After creating your DAG file with the framework code, upload it to the MWAA’s Amazon Simple Storage Service (Amazon S3) DAG bucket using the provided script 4.deploy_dag.sh. Next, set up the required Airflow variables:

batch_job_queue: AWS Batch job queue name
batch_job_definition: AWS Batch job definition
trading_strategies_bucket: S3 bucket to store results
Database connection variables: db_host, db_port, etc.

Once the variables are configured, trigger the DAG from the Airflow UI, monitor its execution, and check logs as needed.

Figure 2: Airflow DAG dashboard

Figure 3: Airflow DAG event log

3.3.1 Backtesting with Apache Airflow
While the framework supports direct DAG creation for advanced users, we’ve also developed a user-friendly frontend interface that abstracts away the complexity of writing Airflow DAG code. This interface, built as an additional page in our Streamlit application, allows quant researchers and developers to:

1. Configure strategy parameters through a simple form interface
2. Select factors and date ranges for testing
3. Define parameter grids for optimization
4. Trigger backtest execution with a single click

The frontend communicates with Airflow via its API, auto-generating the DAG configuration based on user inputs.

This approach offers several advantages:

1. Simplified user experience: Researchers can focus on strategy parameters rather than infrastructure details
2. Reduced learning curve: No need to understand Airflow DAG syntax or AWS Batch configuration
3. Consistent execution: Standardized backtest configuration prevents common errors
4. Self-service capability: Quant teams can run backtests independently without DevOps help

3.4 Streamlit Application for Backtest Management and Visualization
Streamlit is a Python library for creating web applications. It’s excellent for interactive backtesting dashboards, offering simplicity and rapid development. Quants quickly build and deploy apps to visualize backtest results and strategy performance.

Figure 4: Backtesting Streamlit application

Our Streamlit application serves as a unified interface for the entire backtesting workflow, offering two key functionalities: Backtest Management and Results Visualization.

3.4.1 Backtest Management
The Backtest Management page provides an intuitive interface for configuring and executing backtests without writing DAG code or directly interacting with Airflow:

Figure 5: Backtesting management in Streamlit

Key features include:

1. Strategy Configuration: Select strategy types and define parameters through a simple form interface
2. Parameter Grid Definition: Easily set up multiple parameter combinations for optimization
3. AWS MWAA Integration: Deploy and trigger backtests with a single click
4. Real-time Monitoring: Track backtest progress and completion status

This approach abstracts away the complexity of the underlying infrastructure, allowing quant researchers to focus on strategy development rather than cloud operations.
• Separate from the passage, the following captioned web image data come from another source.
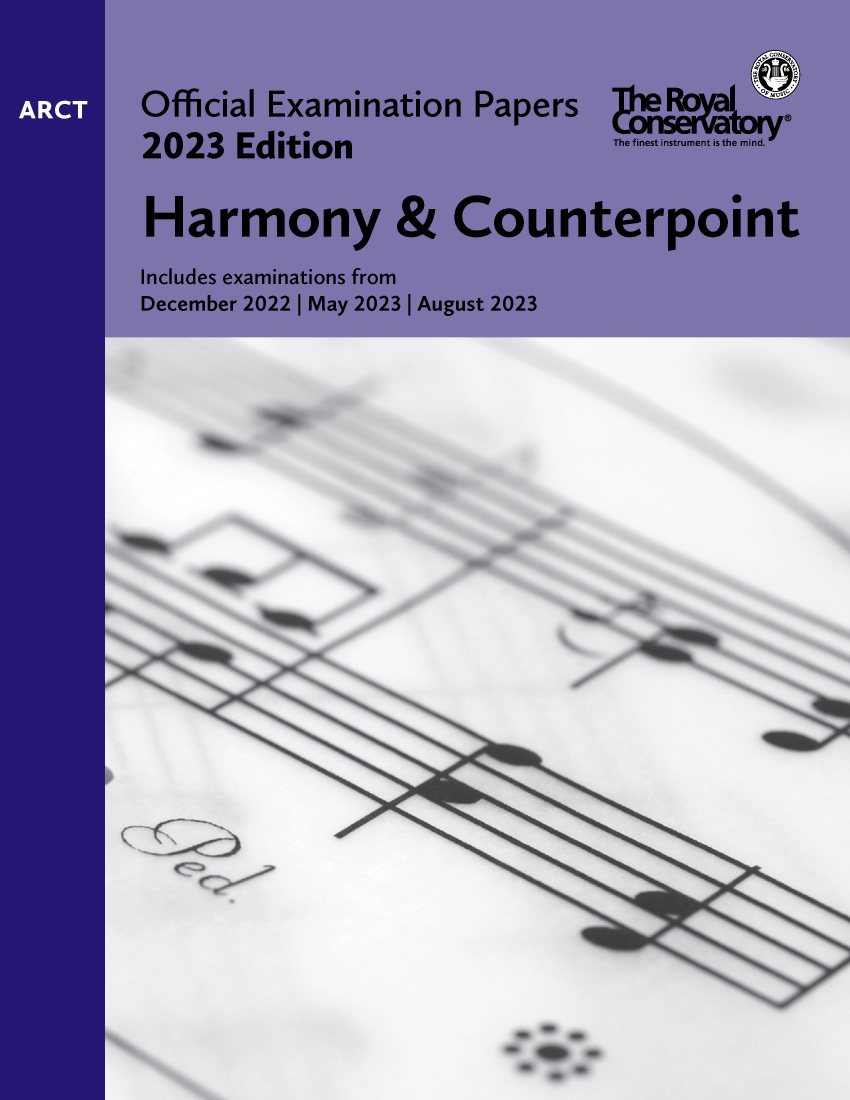 RCM Official Examination Papers 2023 Edition: Harmony & Counterpoint, ARCT - Book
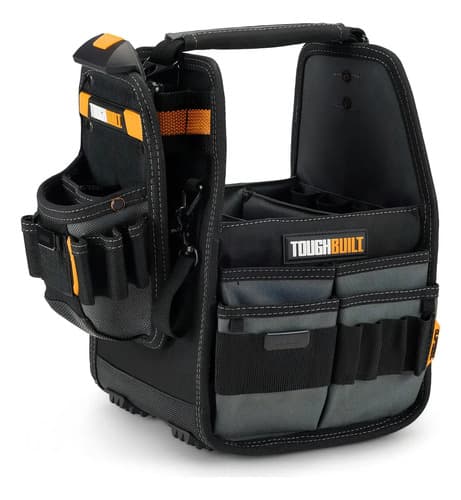 Bolso Abierto + Coleto Cliptech 20cm Toughbuilt Tb-ct-180-8 Color Negro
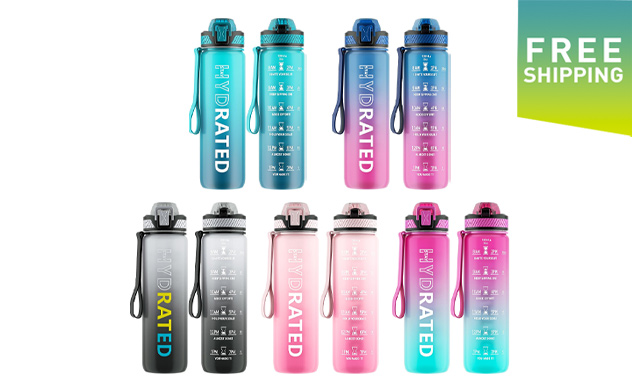 Image of $22.95 for Motivational Spill Proof Water Bottles - 750ml (a $33.98 Value)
3.4.2 Results Visualization
Backtrader’s built-in analyzers generate comprehensive backtesting performance metrics including returns, maximum drawdown, Sharpe ratio, and trade statistics. The framework stores these results in both S3 and ClickHouse, which are then visualized in the Streamlit application.

Figure 6: Backtesting visualization in Streamlit

The visualization dashboard provides:

1. Performance Overview: Compare multiple backtests across different metrics
2. Best Performers: Identify optimal parameter combinations based on various criteria

Figure 7: Best performance backtests by difference criterion

We can also dive deep into all the orders and trades of a specific backtest as below. This is very useful for us to understand the nature of the strategy and right expectation of trades after the strategy go-live.

Figure 8: Backtesting performance details

This comprehensive visualization capability helps researchers quickly identify promising strategy variants and parameter combinations, significantly accelerating the strategy refinement process.

4. Deployment

Most typically, quant research will develop their own strategy following the step of Strategy Development and Backtest Framework and decide the backtest parameters and values. Here is how to deploy the solution to AWS after finishing strategy development.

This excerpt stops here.